That Big Horror Movie Tribute In ‘Ready Player One’ Almost Went To Another Movie

WARNER BROS.

[Spoilers for Ready Player One and anyone who forgot about the 1980s]

You can count on at least one great set piece in almost every Steven Spielberg movie. Ready Player One, despite not being the director’s finest work, has two: an early car chase involving King Kong, Rexy from Jurassic Park, and a DeLorean; and a quest that takes place within the Overlook Hotel from The Shining. There’s the blood-filled elevator (as long as we’re doing references: “Usually the blood gets off at the second floor”), the creepy girls, the Room 237. It’s also a scene that doesn’t happen in Ernest Cline’s book the film is based on.
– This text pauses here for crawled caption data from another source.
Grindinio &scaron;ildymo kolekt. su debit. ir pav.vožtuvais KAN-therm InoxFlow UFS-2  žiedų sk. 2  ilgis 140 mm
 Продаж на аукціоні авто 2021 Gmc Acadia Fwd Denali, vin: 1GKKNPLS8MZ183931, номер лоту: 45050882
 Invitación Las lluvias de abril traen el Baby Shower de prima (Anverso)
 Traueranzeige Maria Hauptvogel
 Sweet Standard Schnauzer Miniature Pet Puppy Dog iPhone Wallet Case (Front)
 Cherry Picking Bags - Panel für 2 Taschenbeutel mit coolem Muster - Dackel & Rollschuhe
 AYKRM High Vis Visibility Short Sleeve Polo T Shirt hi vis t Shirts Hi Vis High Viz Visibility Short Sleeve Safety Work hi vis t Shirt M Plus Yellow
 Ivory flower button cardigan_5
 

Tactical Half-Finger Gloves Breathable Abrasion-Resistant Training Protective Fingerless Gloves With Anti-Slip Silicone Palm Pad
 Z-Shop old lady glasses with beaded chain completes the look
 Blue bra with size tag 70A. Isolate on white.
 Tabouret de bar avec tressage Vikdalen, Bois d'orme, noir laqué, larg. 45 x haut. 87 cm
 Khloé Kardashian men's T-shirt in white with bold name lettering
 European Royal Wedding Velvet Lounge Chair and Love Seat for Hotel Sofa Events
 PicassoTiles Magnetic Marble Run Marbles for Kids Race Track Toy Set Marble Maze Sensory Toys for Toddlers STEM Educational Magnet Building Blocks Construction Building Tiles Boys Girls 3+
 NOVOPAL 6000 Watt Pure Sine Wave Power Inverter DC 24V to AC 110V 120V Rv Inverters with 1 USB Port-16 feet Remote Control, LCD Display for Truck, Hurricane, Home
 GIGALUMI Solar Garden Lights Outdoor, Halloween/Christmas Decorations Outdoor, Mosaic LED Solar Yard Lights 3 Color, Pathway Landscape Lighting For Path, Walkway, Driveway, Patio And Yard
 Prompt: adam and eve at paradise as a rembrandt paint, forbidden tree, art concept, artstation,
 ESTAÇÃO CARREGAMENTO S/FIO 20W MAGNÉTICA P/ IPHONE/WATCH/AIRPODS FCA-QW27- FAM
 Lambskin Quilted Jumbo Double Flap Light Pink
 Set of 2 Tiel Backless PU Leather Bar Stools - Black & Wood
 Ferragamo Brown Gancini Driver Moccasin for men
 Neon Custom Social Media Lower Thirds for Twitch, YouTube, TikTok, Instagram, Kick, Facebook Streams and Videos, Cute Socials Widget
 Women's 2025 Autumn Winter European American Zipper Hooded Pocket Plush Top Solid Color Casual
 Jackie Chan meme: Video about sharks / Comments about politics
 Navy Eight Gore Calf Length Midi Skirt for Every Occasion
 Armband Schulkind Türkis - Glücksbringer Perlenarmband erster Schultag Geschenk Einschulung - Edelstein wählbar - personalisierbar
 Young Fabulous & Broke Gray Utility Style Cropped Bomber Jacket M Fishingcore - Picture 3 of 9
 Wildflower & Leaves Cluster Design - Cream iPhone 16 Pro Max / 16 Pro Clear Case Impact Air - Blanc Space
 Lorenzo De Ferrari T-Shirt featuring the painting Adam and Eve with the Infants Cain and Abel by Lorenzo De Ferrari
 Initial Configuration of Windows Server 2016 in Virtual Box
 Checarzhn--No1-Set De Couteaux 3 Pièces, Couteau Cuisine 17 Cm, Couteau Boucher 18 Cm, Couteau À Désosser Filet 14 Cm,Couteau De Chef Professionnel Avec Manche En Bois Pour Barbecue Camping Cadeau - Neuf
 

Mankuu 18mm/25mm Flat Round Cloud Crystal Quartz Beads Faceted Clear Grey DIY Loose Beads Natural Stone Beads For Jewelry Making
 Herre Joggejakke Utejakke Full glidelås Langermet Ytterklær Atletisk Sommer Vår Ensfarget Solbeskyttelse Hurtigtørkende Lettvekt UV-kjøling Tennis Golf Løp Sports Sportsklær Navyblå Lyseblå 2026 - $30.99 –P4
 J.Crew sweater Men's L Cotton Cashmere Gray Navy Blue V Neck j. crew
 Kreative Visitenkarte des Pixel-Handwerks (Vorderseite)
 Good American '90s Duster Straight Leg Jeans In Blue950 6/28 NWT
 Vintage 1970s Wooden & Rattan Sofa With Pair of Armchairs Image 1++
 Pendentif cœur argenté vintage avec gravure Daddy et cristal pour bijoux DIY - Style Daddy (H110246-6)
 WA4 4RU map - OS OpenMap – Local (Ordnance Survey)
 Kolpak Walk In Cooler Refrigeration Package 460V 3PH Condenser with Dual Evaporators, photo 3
“In the book, it’s more like a karaoke thing that you do, and Ernie’s a big fan of [the action satire] Last Action Hero,” screenwriter Zak Penn told Cinema Blend. “One of the big changes was you walk through and have to repeat the lines from the movie, I said, ‘No, let’s do Last Action Hero. Let’s throw you into the movie!’ Wouldn’t it be better, no matter what movie it is, if there was an adventure in the movie?” Instead of Parzival acting out WarGames from memory, like in the novel, he instead enters the same snowy nightmare as Jack Torrance. But in the first draft, Penn revealed, “it was actually Blade Runner.”

The Shining was the right choice, anyway (there’s probably still a Blade Runner nod in there somewhere). Not only because of the history between Spielberg and Stanley Kubrick — they first met on the set of The Shining, and Kubrick handed Spielberg the keys to A.I. Artificial Intelligence before his death in 1999 — but also because of the clue that leads Parzival and his friends to the Overlook: a creator who hates his creation. Author Stephen King, who wrote The Shining, famously hates Kubrick’s big-screen adaptation, which might explain why Ready Player One shows Jack Torrance, but not Jack Nicholson. To Spielberg, The Shining isn’t Nicholson or even Shelley Duvall; it’s Kubrick.

It’s a sweet, personal tribute in a movie otherwise filled with… things.